First we have the man who was described by the great Ted Williams as having "the most feared curve ball in the American League", Camilo Pascual.  Love the great Washington Nationals logo here.

When I was a kid, I didn't care much for this set.  I think the fact that the cards are over-sized bothered my OCD some.  I've grown to love both this set, and its sister '56 set, as I've gotten older though.  I like that the fronts have plenty of room for both a portrait and an action shot.

The backs are just amazing.  Pascual has my favorite cartoon of today's batch with that awesome drawing of first base repelling a ball.

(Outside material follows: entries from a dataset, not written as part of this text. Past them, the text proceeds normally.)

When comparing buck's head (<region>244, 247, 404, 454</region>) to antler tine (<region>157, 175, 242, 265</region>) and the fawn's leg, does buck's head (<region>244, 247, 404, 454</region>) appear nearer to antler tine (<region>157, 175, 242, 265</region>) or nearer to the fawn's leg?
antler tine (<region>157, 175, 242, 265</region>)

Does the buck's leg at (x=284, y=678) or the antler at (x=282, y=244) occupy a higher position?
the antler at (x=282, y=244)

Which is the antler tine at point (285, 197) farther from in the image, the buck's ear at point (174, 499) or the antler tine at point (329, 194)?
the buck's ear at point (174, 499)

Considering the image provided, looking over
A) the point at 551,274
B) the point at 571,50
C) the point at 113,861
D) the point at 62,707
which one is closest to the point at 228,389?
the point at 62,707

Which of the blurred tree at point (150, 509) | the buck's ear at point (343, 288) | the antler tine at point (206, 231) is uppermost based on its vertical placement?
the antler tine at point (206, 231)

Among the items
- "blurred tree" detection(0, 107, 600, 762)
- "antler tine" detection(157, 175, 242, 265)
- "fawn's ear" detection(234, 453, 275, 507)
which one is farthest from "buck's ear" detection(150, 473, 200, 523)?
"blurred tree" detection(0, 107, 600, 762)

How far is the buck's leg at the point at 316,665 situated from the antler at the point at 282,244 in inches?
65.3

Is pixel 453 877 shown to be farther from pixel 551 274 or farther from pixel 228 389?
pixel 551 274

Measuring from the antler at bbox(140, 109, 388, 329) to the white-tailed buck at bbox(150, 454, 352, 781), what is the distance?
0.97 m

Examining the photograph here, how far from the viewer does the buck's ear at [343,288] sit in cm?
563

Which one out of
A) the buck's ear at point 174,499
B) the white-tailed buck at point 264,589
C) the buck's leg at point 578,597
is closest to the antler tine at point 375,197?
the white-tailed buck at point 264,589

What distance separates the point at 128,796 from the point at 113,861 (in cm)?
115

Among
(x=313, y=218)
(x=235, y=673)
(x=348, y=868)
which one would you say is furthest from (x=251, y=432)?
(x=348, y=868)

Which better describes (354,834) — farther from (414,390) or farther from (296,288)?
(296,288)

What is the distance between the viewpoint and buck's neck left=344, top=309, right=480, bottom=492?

Dick Hall is noted as a third baseman/outfielder on his card, but he'd been seeing some innings on the mound by the time this card hit shelves.  He actually became much better known as a pitcher later in his career, and was on both the 1966 and 1970 World Series champion Baltimore Orioles teams.

I think it's cool that this card came out just before he'd converted to pitching, no real mention of it on the back anywhere.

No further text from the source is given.